Major fmcg companies have been battered by huge currency volatility in emerging markets.
Companies such as SABMiller, Unilever and Nestlé have exported heavily to developing economies, including Brazil, South Africa and Russia, to mitigate stagnation in the US and Western Europe since the global economic downturn.
But despite robust demand, multinational fmcg companies are now reporting major impacts on revenues from falls in the value of emerging market currencies. The Russian rouble has fallen 17.2% year on year against the pound, while the Brazilian real and the South African rand have also plunged over the same period.
Currency fluctuations had a negative impact of 5.2% on SABMiller’s full-year revenues reported in sterling, while Unilever and Danone both saw currency movement suppress reported first-quarter revenues by 8.9% (reporting in sterling and euros respectively).

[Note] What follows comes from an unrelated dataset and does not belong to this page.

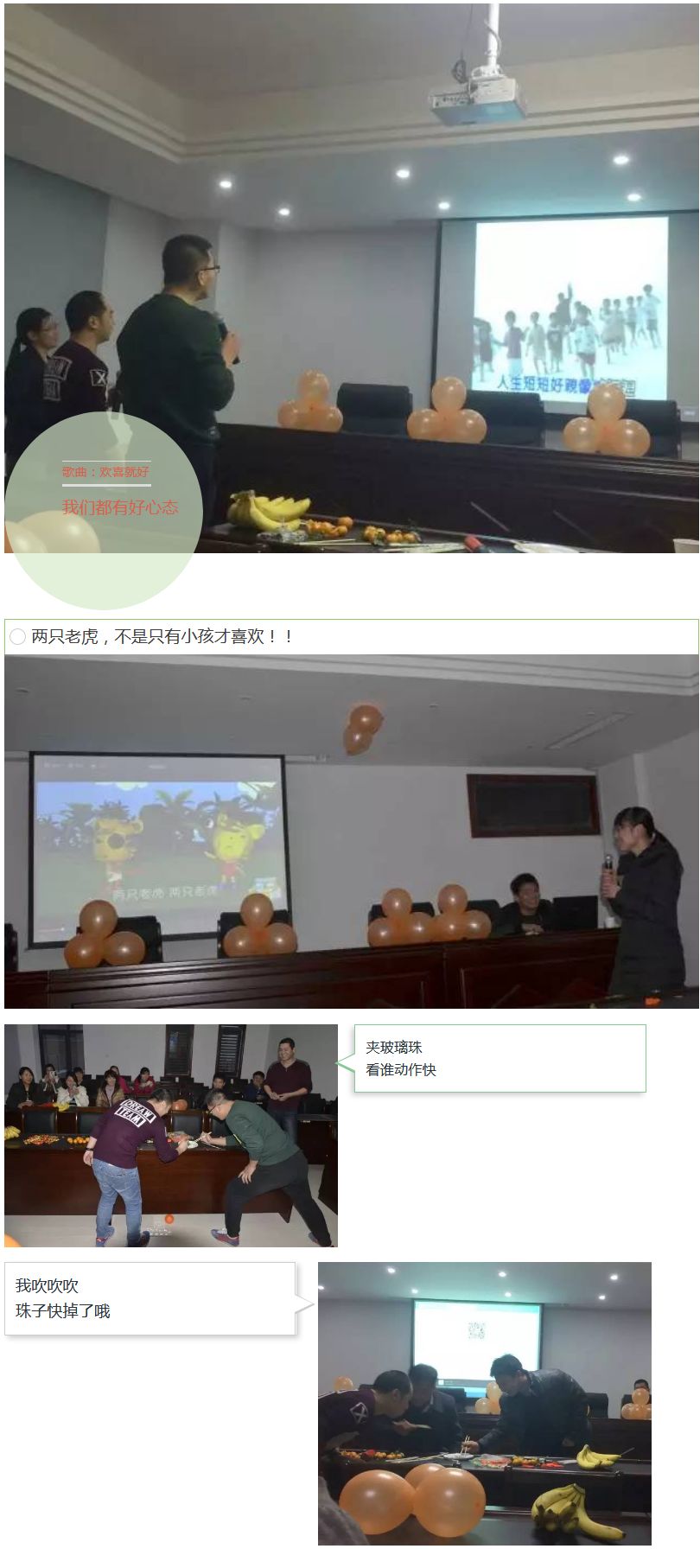 慶元旦、包餃子2.jpg
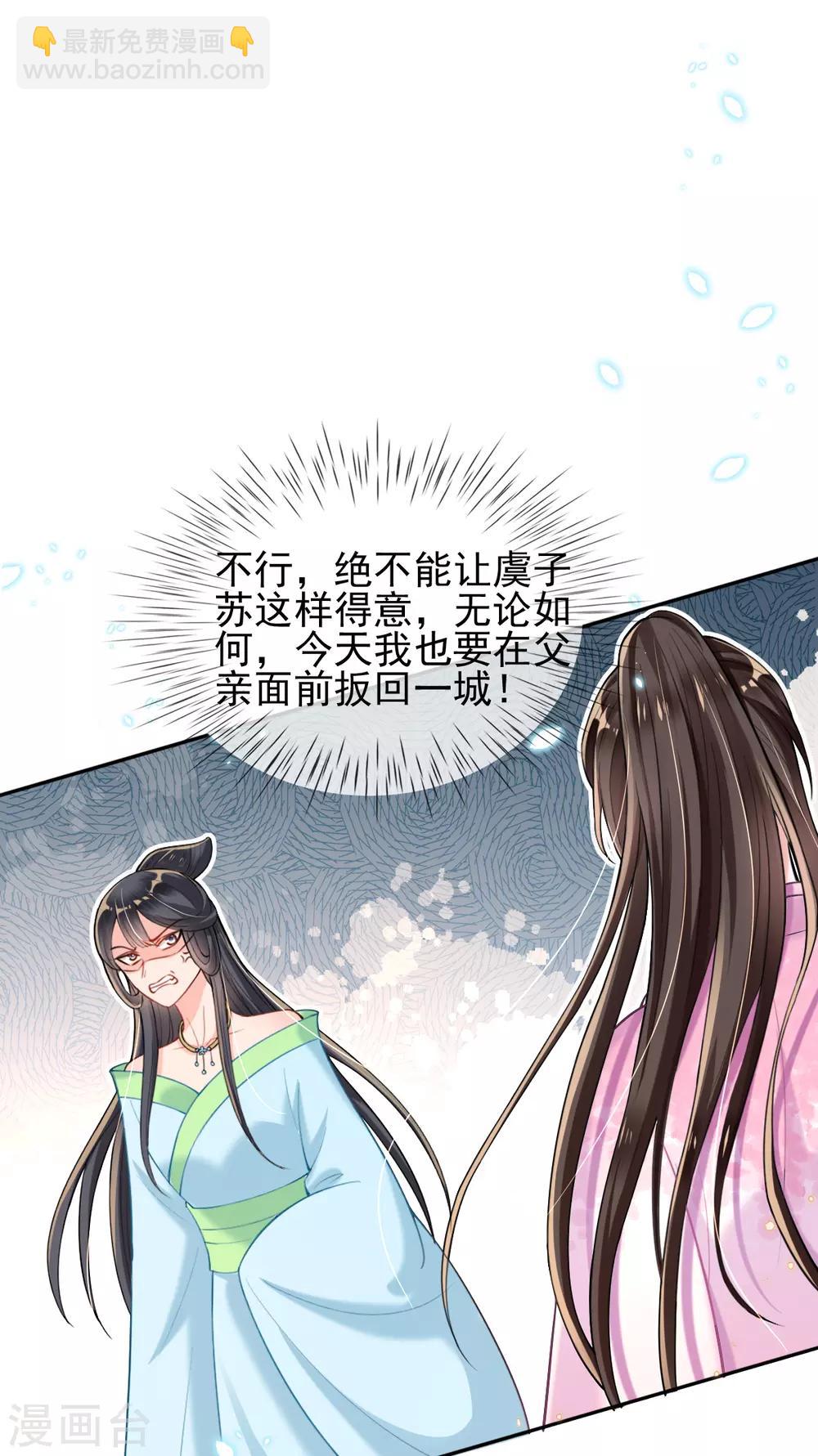 第45话 打脸的时刻到了！-第47话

Weakness against the Swiss franc caused an 8.6% impact on Nestlé over the same period.
Jefferies’ equity analyst Alex Howson suggests fmcg companies would not abandon these growing economies. “We have had extreme currency volatility in emerging markets, but over the long run the underlying growth in these countries is more important,” he said.
The volatility should also provide a measure of deflationary pressure on goods and commodities from emerging markets, with South American beef, for example, potentially becoming cheaper to import.
Fmcg companies have tried to limit currency impacts, but Andrew Woolley, Moneycorp’s executive director of international payments, does not expect a major change of approach. “They might hedge more aggressively in those currencies, but if interest rates start to rise, hedging becomes more expensive,” he said.